▸ Exercise data
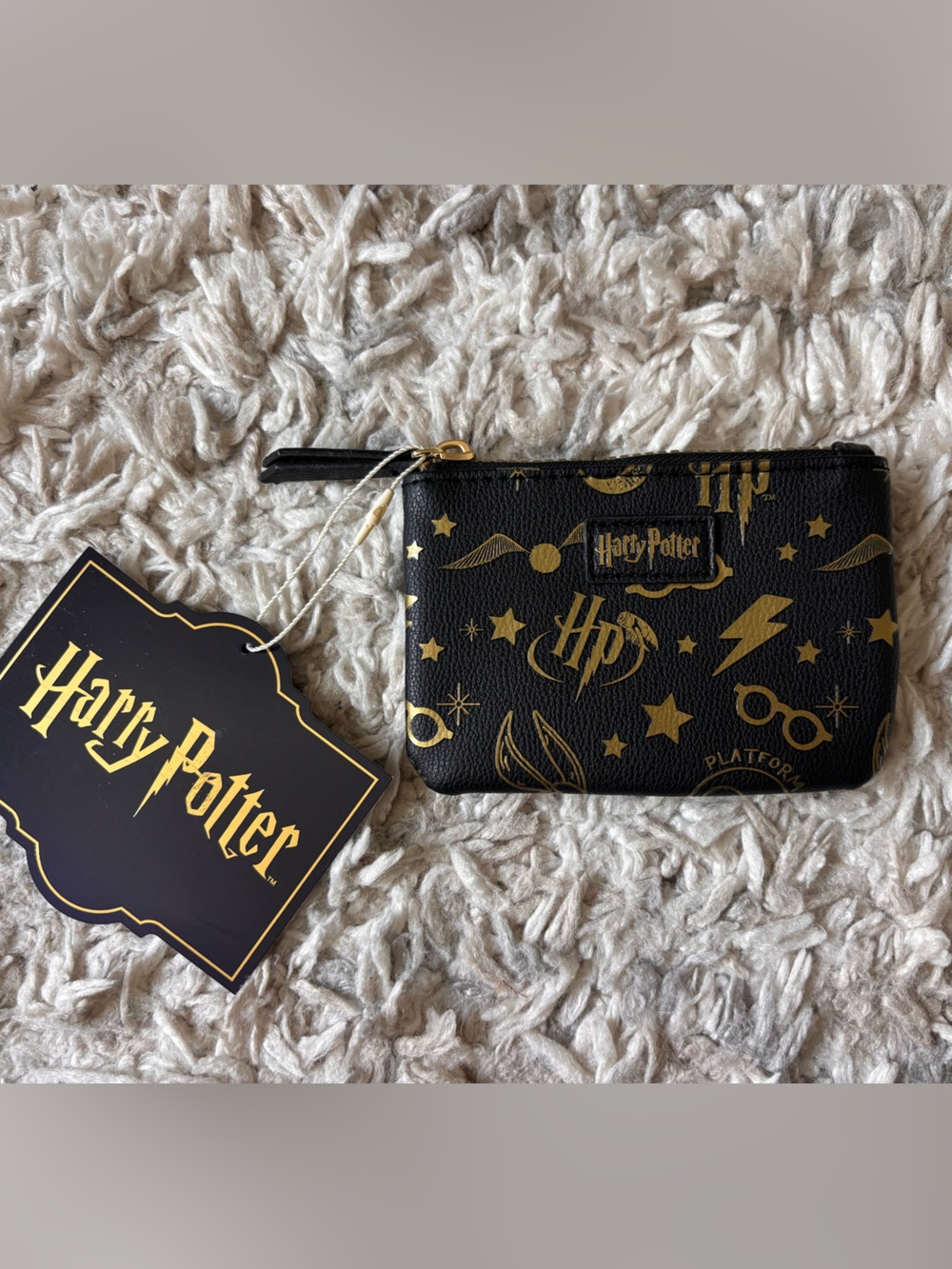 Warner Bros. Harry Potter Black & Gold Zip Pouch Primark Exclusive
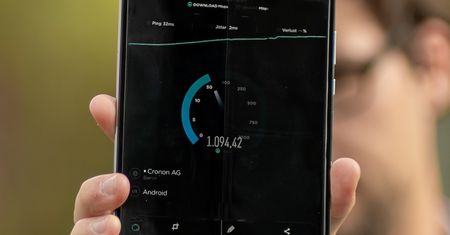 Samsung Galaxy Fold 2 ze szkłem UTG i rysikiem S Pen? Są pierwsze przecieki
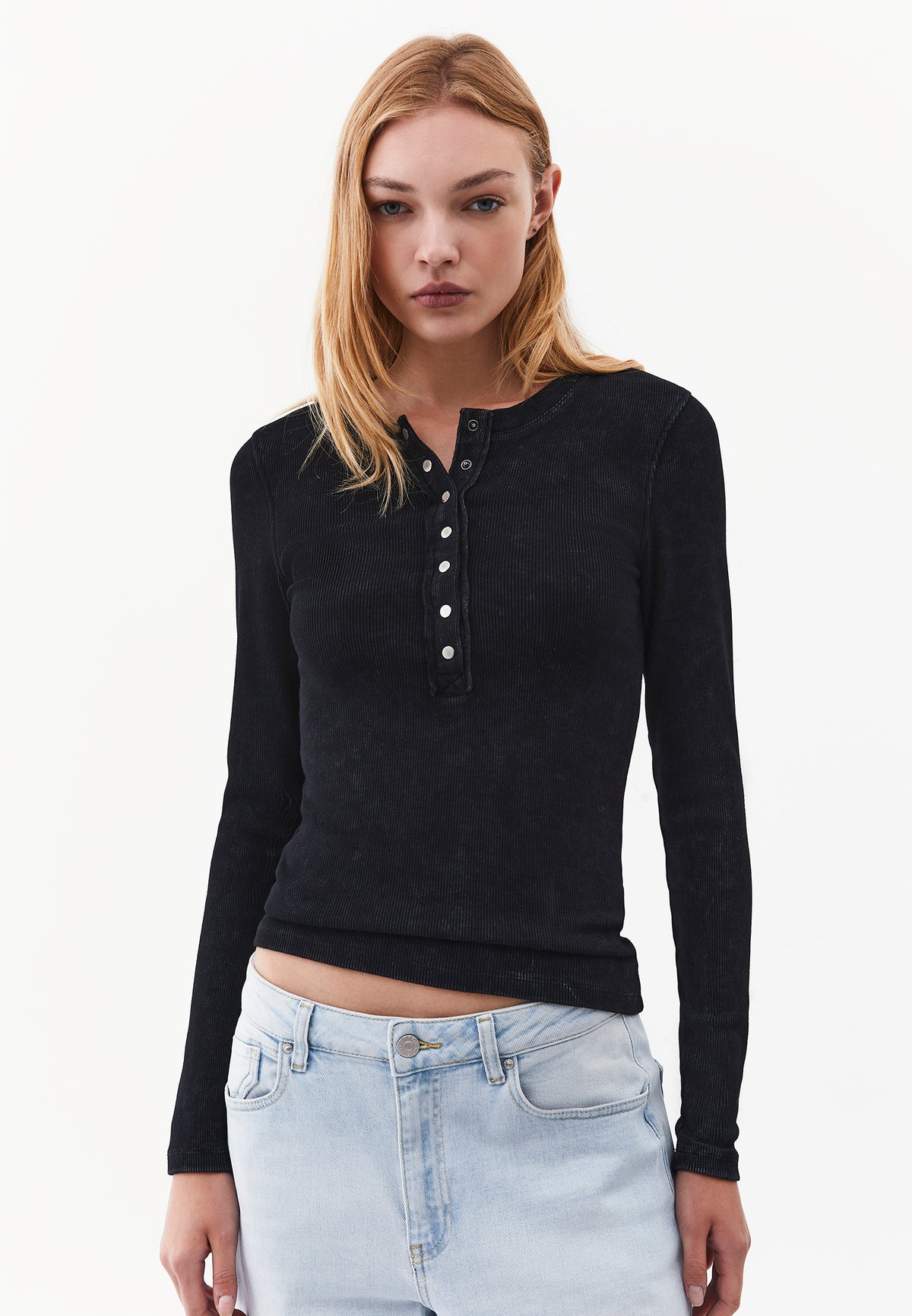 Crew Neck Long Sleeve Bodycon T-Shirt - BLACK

* * *

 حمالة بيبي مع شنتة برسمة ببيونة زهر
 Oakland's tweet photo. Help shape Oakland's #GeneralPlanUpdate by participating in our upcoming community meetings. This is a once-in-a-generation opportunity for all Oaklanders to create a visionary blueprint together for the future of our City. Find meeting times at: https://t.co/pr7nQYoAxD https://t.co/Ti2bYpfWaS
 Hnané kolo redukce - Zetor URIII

▸ Your objective
Would you retype exactly the lines above, from the line with "حمالة بيبي مع شنتة برسمة ببيونة زهر" to the line with "Hnané kolo redukce - Zetor URIII", with both end lines kept and nothing more?

▸ Output for this task
 حمالة بيبي مع شنتة برسمة ببيونة زهر
 Oakland's tweet photo. Help shape Oakland's #GeneralPlanUpdate by participating in our upcoming community meetings. This is a once-in-a-generation opportunity for all Oaklanders to create a visionary blueprint together for the future of our City. Find meeting times at: https://t.co/pr7nQYoAxD https://t.co/Ti2bYpfWaS
 Hnané kolo redukce - Zetor URIII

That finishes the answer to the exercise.